Les préséances sociales sont déterminées moins par l’utilité ou la difficulté des métiers exercés, que par leur pureté ou leur impureté relatives. L’ouvrage de M. Nesfield, si précieux qu’il soit, ne nous découvre donc pas les lois universelles qui président à la gradation des professions : il nous fait plutôt comprendre qu’il n’y a pas, pour cette gradation, de critère unique. Chaque civilisation a sa façon préférée de classer les métiers ; et c’est sans doute la façon dont elle les classe qui exprime le mieux ses tendances intimes. Dans la civilisation hindoue, ce sont surtout des vues religieuses, plutôt que des tendances économiques, qui fixent son rang à chaque groupe.

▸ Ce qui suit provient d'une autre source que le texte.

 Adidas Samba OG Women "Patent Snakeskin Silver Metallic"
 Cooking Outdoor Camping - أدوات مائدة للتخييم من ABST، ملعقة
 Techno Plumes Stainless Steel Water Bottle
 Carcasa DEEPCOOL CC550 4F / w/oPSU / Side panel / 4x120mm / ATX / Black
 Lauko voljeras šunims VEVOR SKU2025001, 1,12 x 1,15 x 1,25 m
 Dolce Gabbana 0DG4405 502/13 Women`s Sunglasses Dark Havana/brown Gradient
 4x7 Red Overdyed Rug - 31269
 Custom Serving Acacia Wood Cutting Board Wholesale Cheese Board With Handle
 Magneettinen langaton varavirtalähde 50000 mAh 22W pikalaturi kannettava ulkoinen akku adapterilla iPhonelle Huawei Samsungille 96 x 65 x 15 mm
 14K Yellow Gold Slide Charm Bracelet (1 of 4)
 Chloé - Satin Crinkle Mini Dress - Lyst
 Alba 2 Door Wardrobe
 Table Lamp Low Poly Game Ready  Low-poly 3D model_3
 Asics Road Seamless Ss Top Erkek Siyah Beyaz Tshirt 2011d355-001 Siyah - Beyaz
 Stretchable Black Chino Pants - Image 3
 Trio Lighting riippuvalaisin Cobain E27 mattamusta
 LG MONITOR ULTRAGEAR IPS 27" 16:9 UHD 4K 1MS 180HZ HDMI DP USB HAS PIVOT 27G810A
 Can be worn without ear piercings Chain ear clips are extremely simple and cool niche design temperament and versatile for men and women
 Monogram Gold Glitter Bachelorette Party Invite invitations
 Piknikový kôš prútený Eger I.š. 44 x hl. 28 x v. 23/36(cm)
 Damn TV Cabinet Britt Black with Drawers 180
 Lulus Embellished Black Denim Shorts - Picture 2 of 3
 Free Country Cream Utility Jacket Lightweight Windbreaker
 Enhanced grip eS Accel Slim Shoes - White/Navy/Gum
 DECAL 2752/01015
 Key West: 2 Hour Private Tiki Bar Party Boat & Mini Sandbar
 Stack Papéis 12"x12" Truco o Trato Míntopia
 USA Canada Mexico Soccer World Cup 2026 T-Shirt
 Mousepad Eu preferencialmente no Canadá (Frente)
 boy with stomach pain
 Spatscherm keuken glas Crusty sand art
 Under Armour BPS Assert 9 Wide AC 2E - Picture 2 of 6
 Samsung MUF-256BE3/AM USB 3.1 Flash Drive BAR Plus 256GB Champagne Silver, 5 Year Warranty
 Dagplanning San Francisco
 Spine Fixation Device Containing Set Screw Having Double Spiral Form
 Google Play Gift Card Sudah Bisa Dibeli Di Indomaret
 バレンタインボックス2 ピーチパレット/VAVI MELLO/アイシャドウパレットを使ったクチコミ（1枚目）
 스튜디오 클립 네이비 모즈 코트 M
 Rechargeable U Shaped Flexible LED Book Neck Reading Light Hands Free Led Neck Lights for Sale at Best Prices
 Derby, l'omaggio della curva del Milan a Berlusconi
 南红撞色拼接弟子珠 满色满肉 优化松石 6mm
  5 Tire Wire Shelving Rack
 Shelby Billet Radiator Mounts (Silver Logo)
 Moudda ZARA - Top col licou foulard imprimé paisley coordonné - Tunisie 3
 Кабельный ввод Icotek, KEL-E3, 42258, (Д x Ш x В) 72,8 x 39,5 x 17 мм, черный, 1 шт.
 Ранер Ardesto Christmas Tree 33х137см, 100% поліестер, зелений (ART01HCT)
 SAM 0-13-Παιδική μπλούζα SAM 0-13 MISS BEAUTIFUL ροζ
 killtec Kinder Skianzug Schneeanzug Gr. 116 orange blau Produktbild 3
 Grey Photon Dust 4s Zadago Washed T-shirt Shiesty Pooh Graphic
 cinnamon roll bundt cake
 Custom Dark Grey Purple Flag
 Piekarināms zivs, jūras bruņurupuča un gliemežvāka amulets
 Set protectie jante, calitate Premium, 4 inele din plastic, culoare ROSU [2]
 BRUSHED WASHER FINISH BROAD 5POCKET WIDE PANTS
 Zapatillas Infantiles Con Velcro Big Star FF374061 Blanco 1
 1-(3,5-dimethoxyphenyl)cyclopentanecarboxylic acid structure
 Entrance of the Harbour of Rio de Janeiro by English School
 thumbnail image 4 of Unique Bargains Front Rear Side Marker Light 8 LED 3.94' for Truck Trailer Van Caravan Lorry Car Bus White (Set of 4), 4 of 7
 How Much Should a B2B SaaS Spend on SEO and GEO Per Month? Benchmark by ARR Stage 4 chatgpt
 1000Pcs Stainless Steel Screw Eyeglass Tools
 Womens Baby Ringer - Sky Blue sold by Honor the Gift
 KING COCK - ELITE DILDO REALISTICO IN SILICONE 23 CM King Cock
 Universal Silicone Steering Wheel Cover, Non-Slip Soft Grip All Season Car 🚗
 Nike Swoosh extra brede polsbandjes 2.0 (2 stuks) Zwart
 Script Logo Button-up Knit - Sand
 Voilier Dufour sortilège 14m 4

L’insuffisance de l’explication économique nous serait d’ailleurs rendue plus sensible encore si nous envisagions le troisième aspect du régime des castes tel que nous l’avons défini. Cette répulsion qui isole les groupes et les empêche de s’allier par des mariages, de manger ensemble, et parfois de se toucher se déduit-elle des nécessités de l’industrie ? Quand même celles-ci expliqueraient pourquoi le père doit transmettre son métier à son fils, elles n’expliqueraient nullement pourquoi le mari ne doit pas prendre femme en dehors de sa caste. Qu’importe, pour la tradition professionnelle, la femme dont il aura un fils ? L’origine étrangère de la mère n’empêchera pas celui-ci d’être son fils et de continuer la profession. Désespérant d’expliquer par son système les règles endogamiques, M. Nesfield semble en arriver à les considérer comme une invention des Brahmanes[1]. N’est-ce pas réintégrer, par un détour, cela même que la théorie de la caste-ghilde avait voulu

  1. op. cit., p. 100 sqq.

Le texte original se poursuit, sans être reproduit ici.